Author: Jeffrey D. Bradley, Steven J. Feigenberg, Cole Friedes, Yin Gao, Xun Jia, Kevin Teo, Lingshu Yin, Jennifer Wei Zou 👨🔬
Affiliation: Department of Radiation Oncology, University of Pennsylvania, Johns Hopkins University 🌍
Purpose: Understanding how physicians evaluate plans is critical for automatic planning and ensuring consistent, high-quality care. While deep-learning models excel in complex decision-making, the lack of transparency raises safety concerns, making interpretability essential. This study develops a novel Explainable AI (XAI) for lung radiotherapy to reveal how physicians assess plan acceptability and to suggest improvements, using generative adversarial network (GAN) with attention gates (AG).
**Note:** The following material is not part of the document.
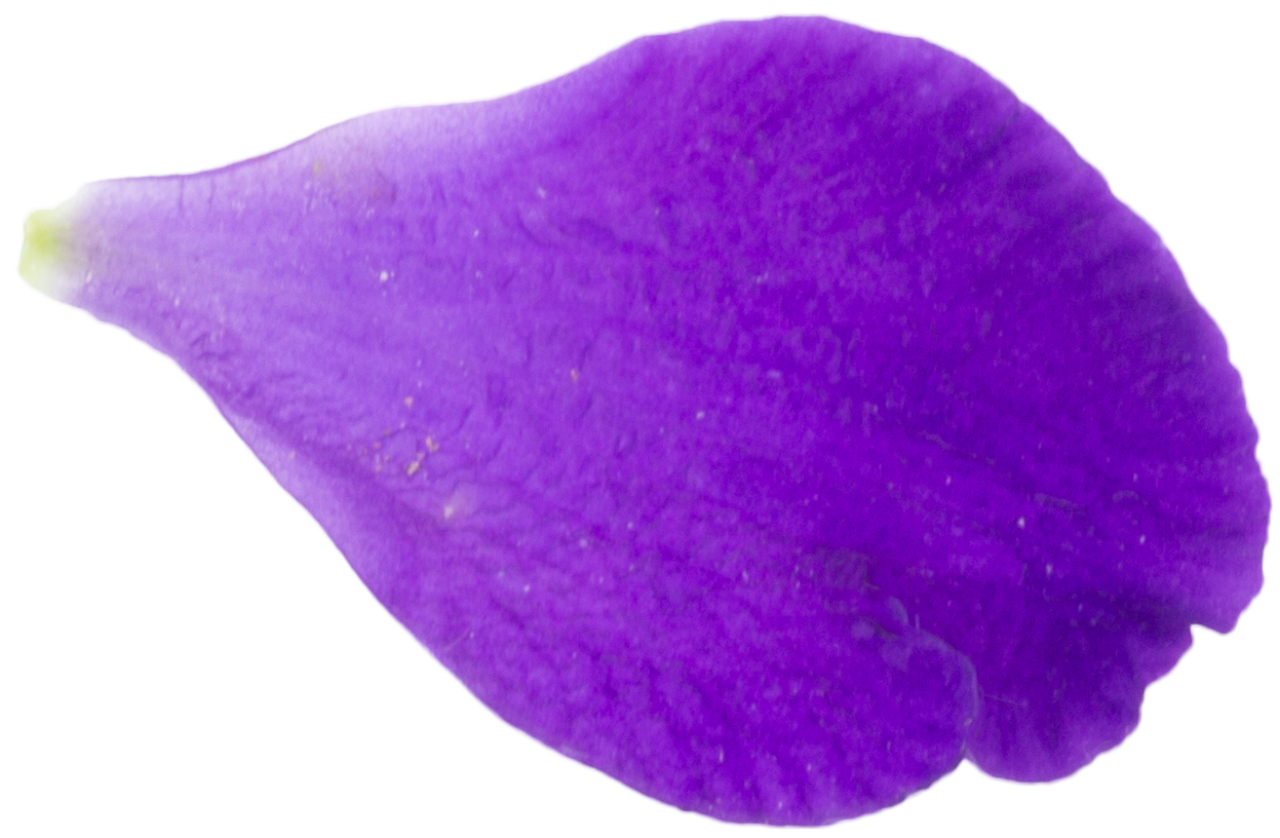 natureza,roxo,isolado,planta,flor,folha,pétala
Methods: XAI takes PTV and OAR masks along with dose for evaluation. GAN framework includes a primary plan evaluation task, which predicts the probability of dose approval, and an auxiliary dose prediction task, which generates additional training data for the main task. Both tasks are implemented with two independent networks with AG. For plan evaluation, AG captures features spatially, localizing attention to key regions for decision-making. For interpretability, attention maps are generated to visualize attentive regions, and t-SNE is applied to understand discriminative features in a lower-dimensional space. The classification performance of the plan evaluation task is assessed using ROC analysis and confusion matrices. Dose prediction is evaluated by comparing predictions with ground-truth dosimetric parameters. XAI was developed using data from 80 advanced lung cancer patients treated with 60/66/70Gy (2Gy/fraction) using VMAT, with 5-fold cross-validation. Additionally, 10 patients treated by another physician were evaluated to interpret inter-physician variations.
Results: AG improves prediction accuracy and performance, with attention maps aligning with human intuition. Using t-SNE, AG further separates feature distributions between the two classes in feature space. Cross-validation shows accuracy, sensitivity, specificity, and AUC of 0.86±0.05, 0.93±0.04, 0.79±0.04, and 0.92±0.03. XAI also generalizes well across physicians, achieving a classification accuracy of 0.83.
Conclusion: XAI with AG effectively evaluates lung plans with high accuracy and interpretability, demonstrating potential for quality assurance and automatic planning. Attention maps and t-SNE improve explainability of XAI’s decision-making, boosting trust in AI-driven evaluations.